On arrival at South Georgia on 10 May decking was taken off to lighten her to bring her ashore and at Peggotty Camp she was upturned and used as a shelter by McNeish, Vincent and McCarthy while Shackleton, Worsley and Crean crossed South Georgia to raise the alarm.
'After the Boat Journey the Caird was towed off by the Norwegian whalers and hoisted up to the deck of the Samson, which had come round the north of the island to rescue Vincent, McNeish and McCarthy. At King Haakon Bay [Peggotty Camp] some fragments of the topsides of the boat had been burnt. Evidently it was the Norwegians who understood the boat as the most important relic and insisted on the Caird being brought back; on arrival at Leith Harbour in Stromness Bay, the whalers mustered on the beach and, according to Worsley, they 'would not let us put a hand on her, and every man in the place claimed the honour of helping to haul her up to the wharf. Captain Thom of the Southern Sky, the ship that in May 1916 first tried to save the party marooned on Elephant Island, brought the Caird to Liverpool on the S.S. Woodville, probably as deck cargo, along with a cargo of whale oil for Lever Brothers at Port Sunlight in the hold, arriving on 5 December 1919... The Daily Telegraph of 26 December 1919 ('Famous Boat in London') reported that the Caird would be exhibited to the audiences at the Albert Hall when Shackleton lectured on the expedition to raise money for the Middlesex Hospital:
'For some time past this boat, now in a dilapidated condition, has reposed peacefully in the Birkenhead shipyard of Messrs. Grayson's, and at the beginning of the week it was carefully packed up and sent to London... The boat was brought back to London as the only relic of the Endurance, and... has lain unobtrusively in the shipyard. Many times it has come near to being broken up... but it is gratifying to know that every care will now be taken to preserve this relic of a remarkable journey.'' (J. Piggott, op. cit., pp. 55-6)
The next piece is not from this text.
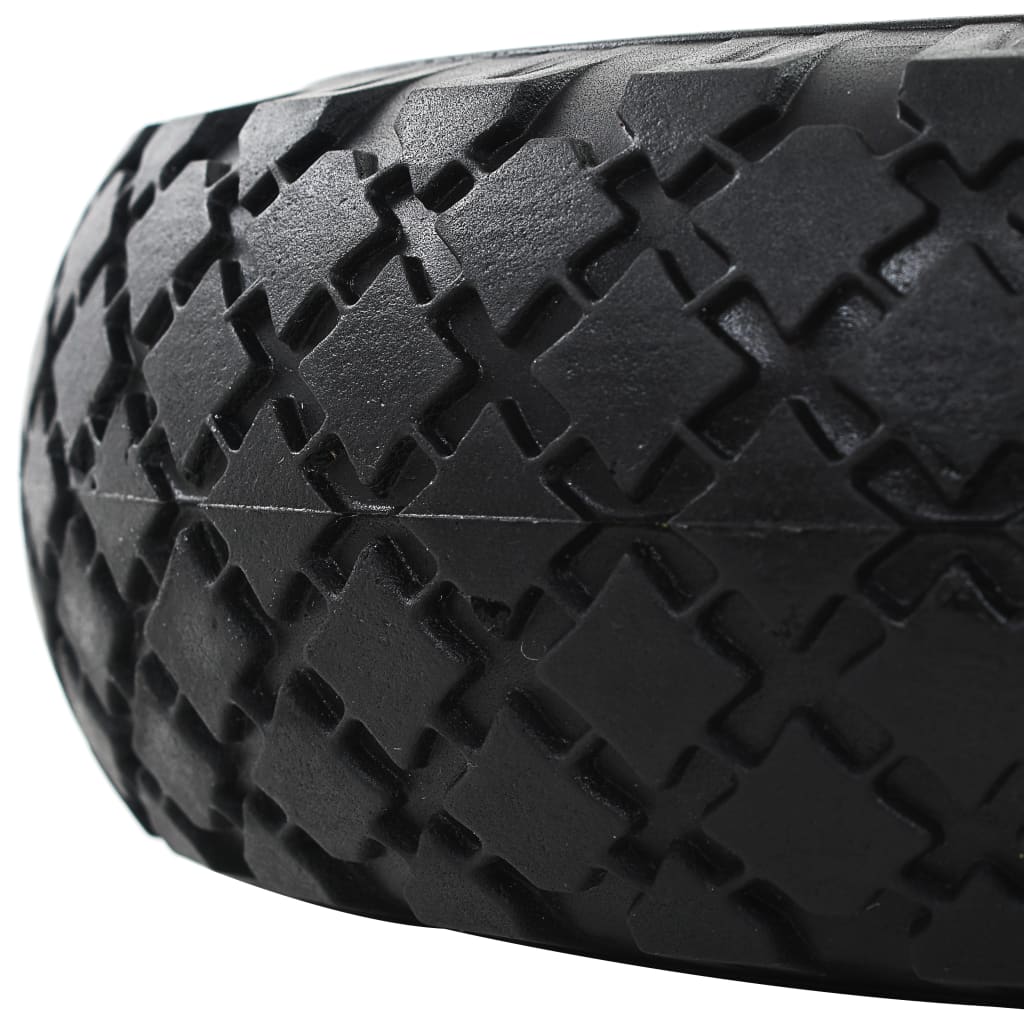 vidaXL Sackkarrenräder 2 Stk. Massives PU 3,00 - 4 (260 x 85)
After exhibitions in London, the boat was gifted to John Quiller Rowett by Shackleton in 1921 and is now preserved and on permanent exhibition at Dulwich College.
The photograph of Shackleton, Worsley and Crean is one of just two surviving photographs (for the other see lot 92) showing the 'trio of scarecrows' on their arrival after the march across the uncharted interior of South Georgia.